Posts Tagged ‘php’

Mercurial Hook for Syntax Checking (PHP)

Friday, October 8th, 2010

For those unfamiliar with Mercurial, it is an awesome Source Control Management (SCM) tool. One of my favorite features of Mercurial is that the repositories are distributed which allows each machine to have a full copy of the project's history. Being distributed has many advantages such as faster committing, branching, tagging, merging, etc. since it is all done locally. Of course this setup also creates a backup of the repository each time an engineer clones a repository. There are a lot of benefits to using Mercurial, but that is not the focus of this post.

In this article, I am going to discuss how to setup a Mercurial hook to handle checking the syntax of files. Specifically, the hook will be setup to check the syntax of PHP files. This is beneficial as it will prevent users from adding files to Mercurial that are invalid and will keep the repository clean. Better yet, when dealing with a repository for a live website, it will prevent invalid files from ever being added to the live site.
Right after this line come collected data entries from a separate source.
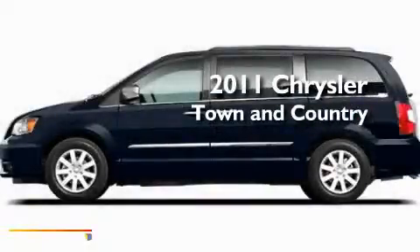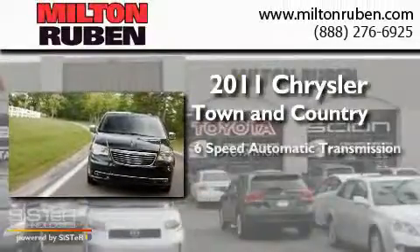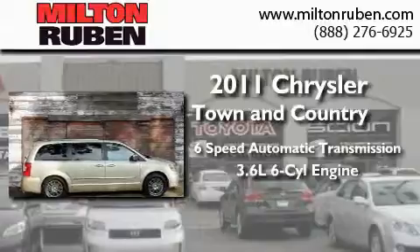This is a brand-new 2011 Chrysler Town & Country. This minivan has a 6-speed automatic transmission and a 3.6-liter V6.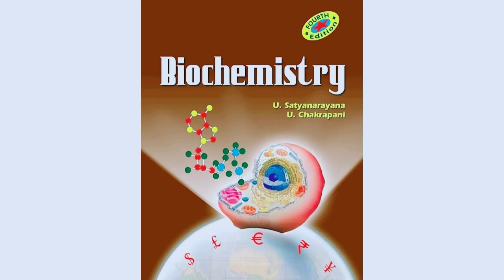And for biochemistry we have Biochemistry by Sapta Nara. Thank you for watching this video. If you like this video, please subscribe to my channel, like the video, and share it.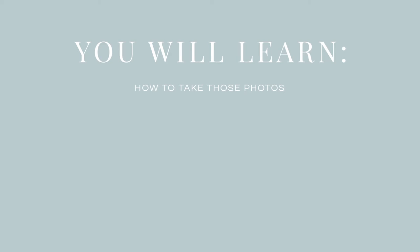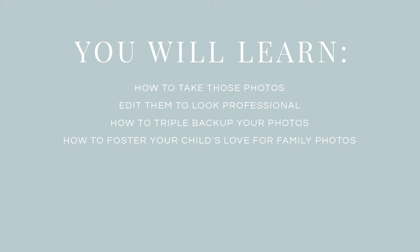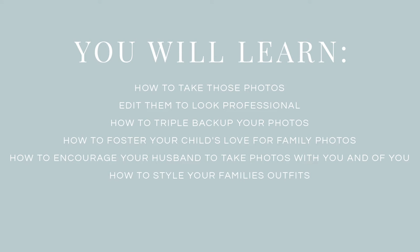Within this online course, I'm going to teach you everything you need to know to get amazing photos of your kids year-round. I will teach you the process of photography, how to take those photos and edit them to look professional, and how to triple back up your photos so you never lose them. I also teach you how to foster your child's love for family photos, how to encourage your husband to take photos with you and of you, and how to style your family's outfits.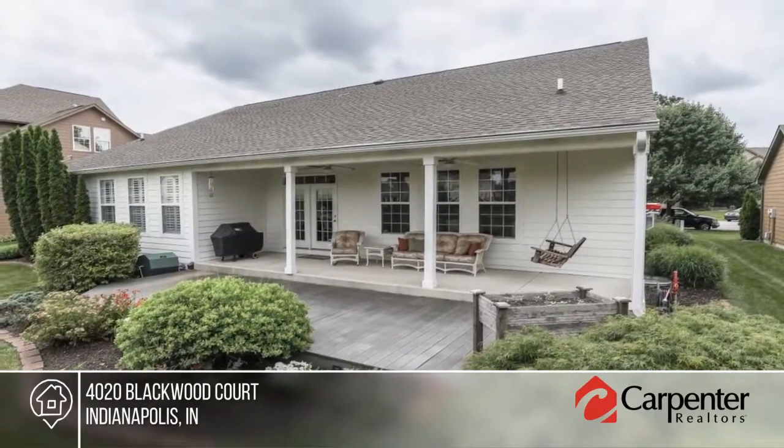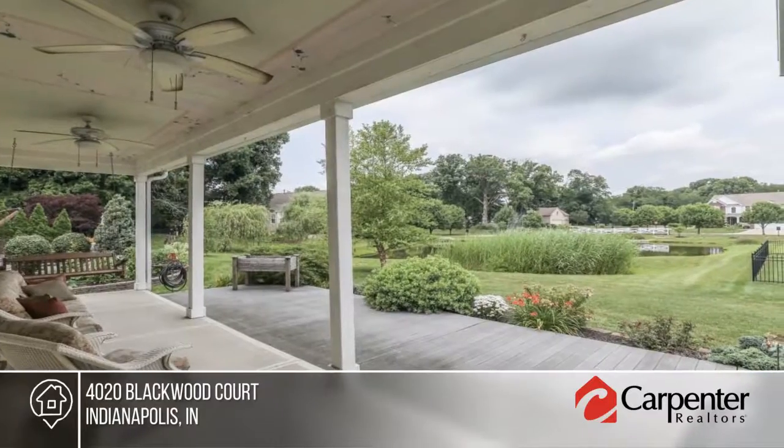This home has so much to offer and won't last long. Make it yours with a call to Joby Trefney.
The Pretxnchangegroup Event

Mercurial hooks are programs that Mercurial will execute during specific events. Ideally, a hook such as checking syntax would happen just before a commit is being made (the precommit event). Since Mercurial is distributed, this would require each client to install and setup the hook. This may work for some, but it does require more work and can cause issues if the hook is not setup correctly on each machine.
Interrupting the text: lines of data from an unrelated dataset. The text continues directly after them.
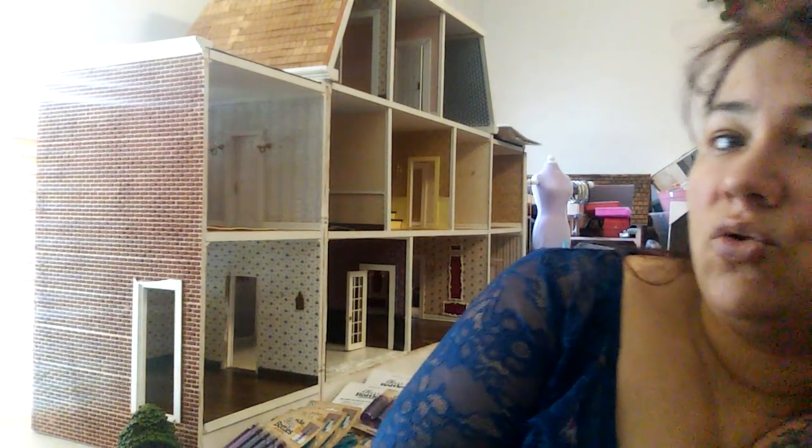Thank you everybody for all the positive responses and suggestions for what to do with maybe some of the issues and problems that this beautiful, absolutely drop-dead gorgeous house has. My sister Alinka had bought it just as is, and it was a blessing to be able to get that from her as a gift. She knows how I am about dollhouses.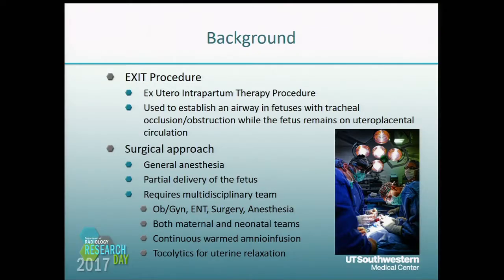A little bit of background. The EXIT is an abbreviation for ex-utero intrapartum therapy procedure. It's a procedure used to establish an airway in fetuses with tracheal occlusion or obstruction while the fetus remains on the utero-placental circulation, so it's much more complex than a typical cesarean section. You have a large multidisciplinary team for the procedure, and both maternal and neonatal teams are present, with partial delivery of the fetus onto the maternal abdomen while a surgeon is accessing the airway.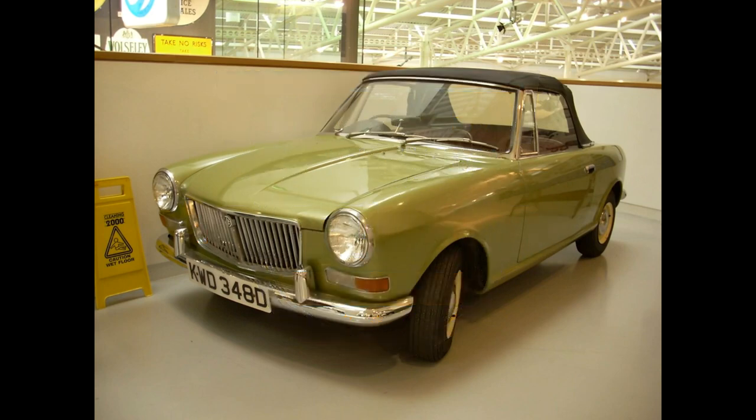ADO 34 was the car for the 70s that the Midget should have been. It was based on the Mini platform with lots of common components, cheapifying production for BMC. Unfortunately, the government didn't think it was the way to go and instructed the company, as it was owned by the government at the time, to run production down.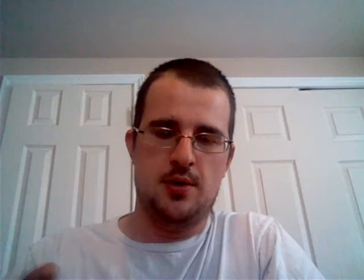Demaryius Thomas. Aaron Rodgers — oh, this is like a Top 60 type thing. I was wondering why the number one was down there, so it's number one — that's pretty cool. Here's another one of those Top 60: Jamal Charles. Cool, all-time fantasy legends. Mike Ditka. There's a Kelvin Benjamin — that's just a regular base.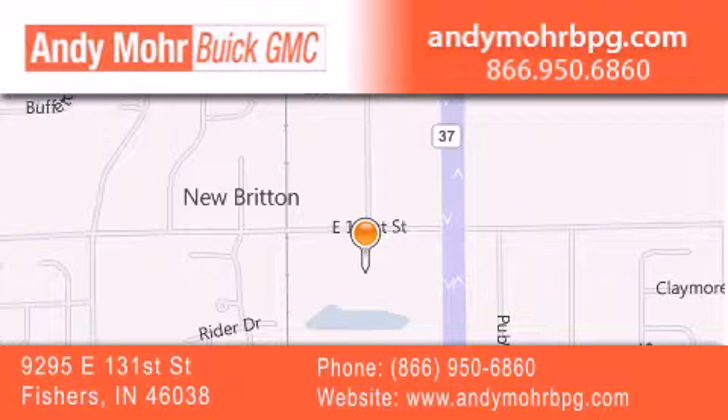Stop by and visit us at 9295 East 131st Street in Fishers, or see us online at andymorebpg.com.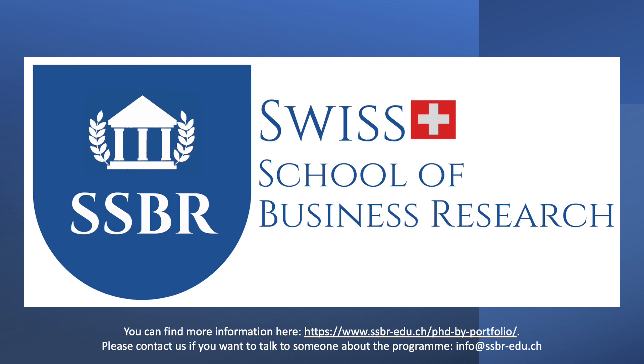This is the key information about the new PhD by portfolio program. You can find more information on the web address shown on the screen, or you can contact us at info@ssbr-edu.ch. Thank you.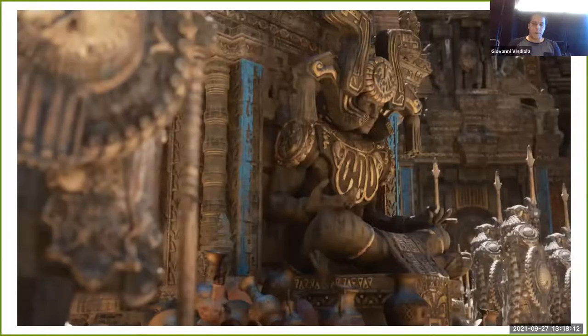Going forward, Unreal Engine 5 is releasing later this year, which is very exciting. Earlier I talked about how you need to optimize scan data to run in real time — but once this technology comes out, we can take raw, unprocessed, unoptimized data, put it into the game engine, and it will look amazing with all that detail.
There is a better solution for environments that have a central repository for everyone to push their changes to. Basically, the hook can be setup on the pretxnchangegroup event. This event is executed just before a changeset (group of commits) is added to a remote repository (during a push).

To setup a hook on the pretxnchangegroup event, the syntax checking will need to build a list of every file that was changed for each changeset and then check the syntax on the latest version of each file. If there is a syntax error, the hook can exit with the appropriate status code to prevent the changesets from being added to the central repository.
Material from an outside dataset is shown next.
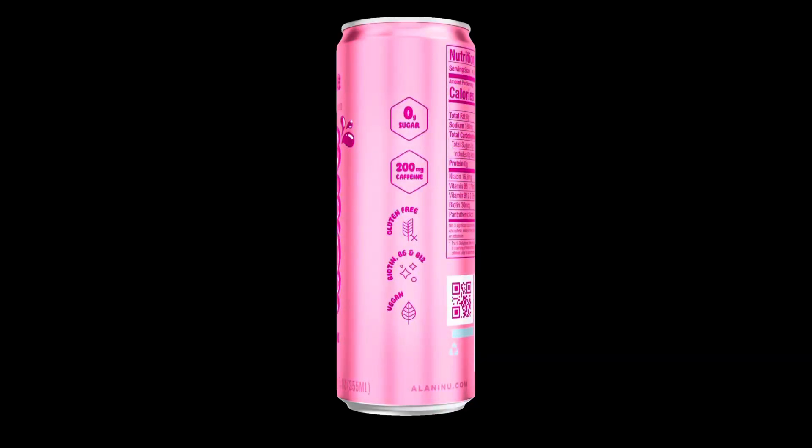It has 200 milligrams of caffeine, gluten free. Like I said, it's vegan, Biotin, zero grams of sugar. So it's impressive to see that it can do all of this and give you the energy that you need. It's 10 calories per can, and the can is a 12 ounce.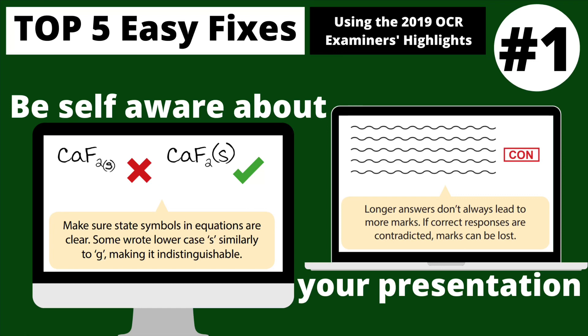Finally, my top easy fix is all about self-awareness — specifically with regards to presentation and how you put your answer on the page. No one's expecting you to be an artist or have perfect handwriting, but you've got to be realistic. In an exam you need to make sure your answer is as legible as possible, and even if it means over-exaggerating things like chemical formulae and state symbols, make sure you do it that way.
When using the pretxnchangegroup event, each machine will be able to commit changes with files that have syntax errors. However, when trying to push the files to the central server, the changesets will be rejected until the syntax errors have been fixed.

In Process vs. External Hooks

With Mercurial, there are two types of hooks: an in-process and an external hook. An in-process hook is a Python module that is loaded at the time the Mercurial starts. An external hook can use any programming language that is supported by the OS.

These are advantages to using both an in-process and an external hook. An external hook is most beneficial when the code is already written in another language or the developers are more familiar with a language other than Python. An in-process hook has some nice advantages as it allows the developer access to the internals of Mercurial. It also gives the ability to display a message to the user when making a change in the repository.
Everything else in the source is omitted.